Each line in the records below, from the one that contains "a valentine's day" to the one that contains "White stone courtyard", should be reproduced exactly, the first and last included.

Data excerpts

>>>

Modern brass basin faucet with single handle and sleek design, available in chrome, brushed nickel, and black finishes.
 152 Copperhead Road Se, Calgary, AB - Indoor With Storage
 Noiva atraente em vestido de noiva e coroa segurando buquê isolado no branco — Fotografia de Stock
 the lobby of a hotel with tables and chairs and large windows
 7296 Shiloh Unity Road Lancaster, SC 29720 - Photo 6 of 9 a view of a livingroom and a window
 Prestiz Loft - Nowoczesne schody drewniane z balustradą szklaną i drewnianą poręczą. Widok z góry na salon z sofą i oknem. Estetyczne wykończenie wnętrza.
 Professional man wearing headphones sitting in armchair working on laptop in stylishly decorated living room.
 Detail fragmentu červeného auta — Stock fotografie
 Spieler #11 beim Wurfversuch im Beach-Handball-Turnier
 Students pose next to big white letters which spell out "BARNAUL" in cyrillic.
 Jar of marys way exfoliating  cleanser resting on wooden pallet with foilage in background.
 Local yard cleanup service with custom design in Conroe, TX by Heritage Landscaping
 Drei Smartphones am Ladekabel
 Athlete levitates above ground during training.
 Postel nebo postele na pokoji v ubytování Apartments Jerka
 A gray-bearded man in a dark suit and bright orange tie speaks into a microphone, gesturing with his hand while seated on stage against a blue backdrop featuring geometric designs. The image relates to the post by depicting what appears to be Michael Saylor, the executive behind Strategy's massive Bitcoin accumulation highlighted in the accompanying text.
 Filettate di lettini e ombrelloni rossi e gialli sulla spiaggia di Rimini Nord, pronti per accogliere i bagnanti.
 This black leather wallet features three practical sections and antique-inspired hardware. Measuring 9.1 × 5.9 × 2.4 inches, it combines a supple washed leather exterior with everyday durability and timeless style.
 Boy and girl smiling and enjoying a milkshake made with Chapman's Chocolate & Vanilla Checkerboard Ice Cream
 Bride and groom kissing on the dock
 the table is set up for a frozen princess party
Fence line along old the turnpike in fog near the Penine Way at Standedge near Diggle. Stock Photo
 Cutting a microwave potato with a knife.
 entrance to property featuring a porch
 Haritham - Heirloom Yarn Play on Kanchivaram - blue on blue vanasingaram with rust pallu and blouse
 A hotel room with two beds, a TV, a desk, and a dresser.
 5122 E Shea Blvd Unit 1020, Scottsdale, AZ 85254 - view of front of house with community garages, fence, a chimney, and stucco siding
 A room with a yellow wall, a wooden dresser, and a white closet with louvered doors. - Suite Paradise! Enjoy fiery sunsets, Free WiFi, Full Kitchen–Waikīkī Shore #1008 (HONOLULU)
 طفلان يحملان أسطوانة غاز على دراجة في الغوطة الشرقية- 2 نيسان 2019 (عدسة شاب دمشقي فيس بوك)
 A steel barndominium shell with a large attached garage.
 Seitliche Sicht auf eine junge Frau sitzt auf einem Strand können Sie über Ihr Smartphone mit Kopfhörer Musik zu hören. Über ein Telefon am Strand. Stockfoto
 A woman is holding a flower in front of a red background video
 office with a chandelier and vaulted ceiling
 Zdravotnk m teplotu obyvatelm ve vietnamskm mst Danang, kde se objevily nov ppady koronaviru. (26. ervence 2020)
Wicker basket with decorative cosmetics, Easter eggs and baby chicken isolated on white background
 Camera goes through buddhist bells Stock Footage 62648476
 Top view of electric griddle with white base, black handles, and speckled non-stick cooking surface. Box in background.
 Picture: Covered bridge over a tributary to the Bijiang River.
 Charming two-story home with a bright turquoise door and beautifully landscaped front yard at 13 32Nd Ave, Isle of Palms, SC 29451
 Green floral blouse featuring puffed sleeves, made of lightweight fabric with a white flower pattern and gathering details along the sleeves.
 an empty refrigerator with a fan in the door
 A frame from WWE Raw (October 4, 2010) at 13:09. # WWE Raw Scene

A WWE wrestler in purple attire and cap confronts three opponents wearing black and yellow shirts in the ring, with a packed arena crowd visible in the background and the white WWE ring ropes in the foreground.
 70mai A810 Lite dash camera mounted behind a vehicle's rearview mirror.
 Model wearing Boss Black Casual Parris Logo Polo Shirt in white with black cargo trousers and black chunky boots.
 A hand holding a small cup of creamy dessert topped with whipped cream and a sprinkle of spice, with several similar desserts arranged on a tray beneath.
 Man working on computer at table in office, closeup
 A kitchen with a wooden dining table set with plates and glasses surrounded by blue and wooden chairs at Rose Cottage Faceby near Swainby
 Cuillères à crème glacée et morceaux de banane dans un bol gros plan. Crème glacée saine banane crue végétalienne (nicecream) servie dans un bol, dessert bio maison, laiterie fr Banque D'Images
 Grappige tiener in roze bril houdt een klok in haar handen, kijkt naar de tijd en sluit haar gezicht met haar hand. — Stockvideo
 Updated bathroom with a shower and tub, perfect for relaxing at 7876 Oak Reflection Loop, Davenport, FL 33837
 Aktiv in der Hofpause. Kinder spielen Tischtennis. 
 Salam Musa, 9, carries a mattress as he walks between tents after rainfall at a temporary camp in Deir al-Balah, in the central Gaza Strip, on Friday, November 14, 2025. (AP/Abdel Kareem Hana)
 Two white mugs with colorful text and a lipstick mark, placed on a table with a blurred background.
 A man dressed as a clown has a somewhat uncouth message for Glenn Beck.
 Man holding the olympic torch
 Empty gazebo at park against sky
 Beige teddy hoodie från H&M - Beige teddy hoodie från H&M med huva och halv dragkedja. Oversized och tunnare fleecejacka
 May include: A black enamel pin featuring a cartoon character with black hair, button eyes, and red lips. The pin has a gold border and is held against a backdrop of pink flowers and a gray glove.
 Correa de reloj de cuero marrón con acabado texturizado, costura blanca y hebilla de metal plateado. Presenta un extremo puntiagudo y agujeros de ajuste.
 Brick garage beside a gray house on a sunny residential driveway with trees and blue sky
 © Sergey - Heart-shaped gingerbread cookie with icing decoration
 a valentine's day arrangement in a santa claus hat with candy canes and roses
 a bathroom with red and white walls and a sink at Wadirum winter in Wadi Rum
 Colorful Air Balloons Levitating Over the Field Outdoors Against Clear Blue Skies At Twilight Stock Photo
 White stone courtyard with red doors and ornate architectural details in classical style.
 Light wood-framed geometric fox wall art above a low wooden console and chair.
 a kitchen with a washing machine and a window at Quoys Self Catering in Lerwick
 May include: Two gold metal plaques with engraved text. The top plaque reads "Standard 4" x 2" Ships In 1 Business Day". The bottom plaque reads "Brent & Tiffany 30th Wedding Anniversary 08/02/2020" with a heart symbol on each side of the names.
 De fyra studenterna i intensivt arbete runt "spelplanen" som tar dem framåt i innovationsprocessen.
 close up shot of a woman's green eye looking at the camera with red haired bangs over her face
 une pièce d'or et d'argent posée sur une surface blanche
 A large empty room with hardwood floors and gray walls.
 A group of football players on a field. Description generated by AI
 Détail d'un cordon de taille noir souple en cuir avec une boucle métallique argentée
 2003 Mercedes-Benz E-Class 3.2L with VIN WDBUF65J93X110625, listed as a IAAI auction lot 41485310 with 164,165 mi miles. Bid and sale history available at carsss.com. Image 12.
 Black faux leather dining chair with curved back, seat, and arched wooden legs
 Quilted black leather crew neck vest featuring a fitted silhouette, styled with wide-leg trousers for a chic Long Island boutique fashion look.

<<<

* [RESPONSE TO THE EXERCISE]:
 a valentine's day arrangement in a santa claus hat with candy canes and roses
 a bathroom with red and white walls and a sink at Wadirum winter in Wadi Rum
 Colorful Air Balloons Levitating Over the Field Outdoors Against Clear Blue Skies At Twilight Stock Photo
 White stone courtyard with red doors and ornate architectural details in classical style.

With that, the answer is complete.